TIAGO PETINGA / Lusa

Vieira da Silva está a ser ouvido no Parlamento a propósito da situação da Associação Mutualista Montepio. “O Governo não dá ordens à Misericórdia de Lisboa”, avisou, mas elogia possível cooperação

Helena Pereira

Helena Pereira

Editora de Política

O ministro do Trabalho e Segurança Social, Vieira da Silva, afirmou esta manhã no Parlamento ver "como positiva a proximidade da Misericórdia ao setor financeiro", em audição sobre a eventual entrada da Santa Casa no Montepio.

"O Governo não dá ordens à Misericórdia de Lisboa. Mas seria hipocrisia dizer que não há contactos, obviamente que os há. Mas há grande autonomia da Misericórdia que nunca deixará de tomar decisões no estreito respeito pela sua missão principal", explicou.

O ministro voltou a reafirmar que vê "com bons olhos passos no sentido de maior cooperação entre as instituições do setor social", frisando que a Misericórdia "tem um estatuto próprio".

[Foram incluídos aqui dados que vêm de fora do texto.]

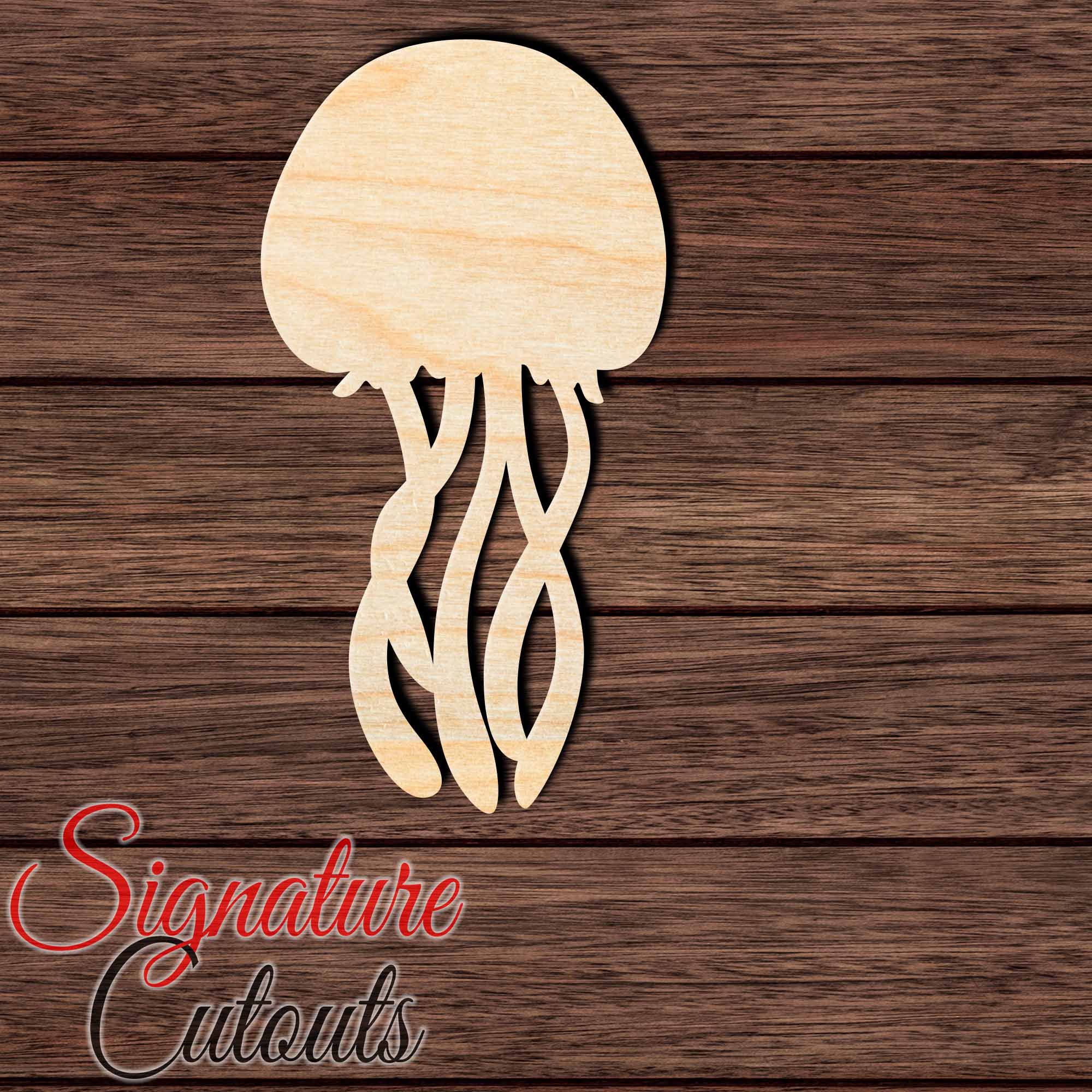 Jellyfish 010 Shape Cutout in Wood, Acrylic or Acrylic Mirror - Signature Cutouts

"Identifico vantagens na cooperação entre o setor social, Misericórdia e o setor social presente na área financeira. São indiscutíveis", acrescentou.

No final de março, o ministro Vieira da Silva tinha dito que o Governo vê com "simpatia e naturalidade" a eventual entrada da SCML e de outras instituições da área social no capital da Caixa Económica Montepio Geral, o que levou os deputados da Comissão do Trabalho a chamarem o ministro com urgência ao Parlamento para mais explicações.

Anteriormente à intervenção do ministro, o deputado do CDS-PP Anacoreta Correia considerou que este processo, desde o seu início, tem sido “pouco tranquilo e pouco sólido”.

Sobre a situação da Associação Mutualista Montepio, outro assunto que trouxe o ministro ao parlamento, o deputado do Bloco de Esquerda Paulino Ascensão apontou as investigações judiciais em curso e questionou se a supervisão do Ministério do Trabalho é suficiente.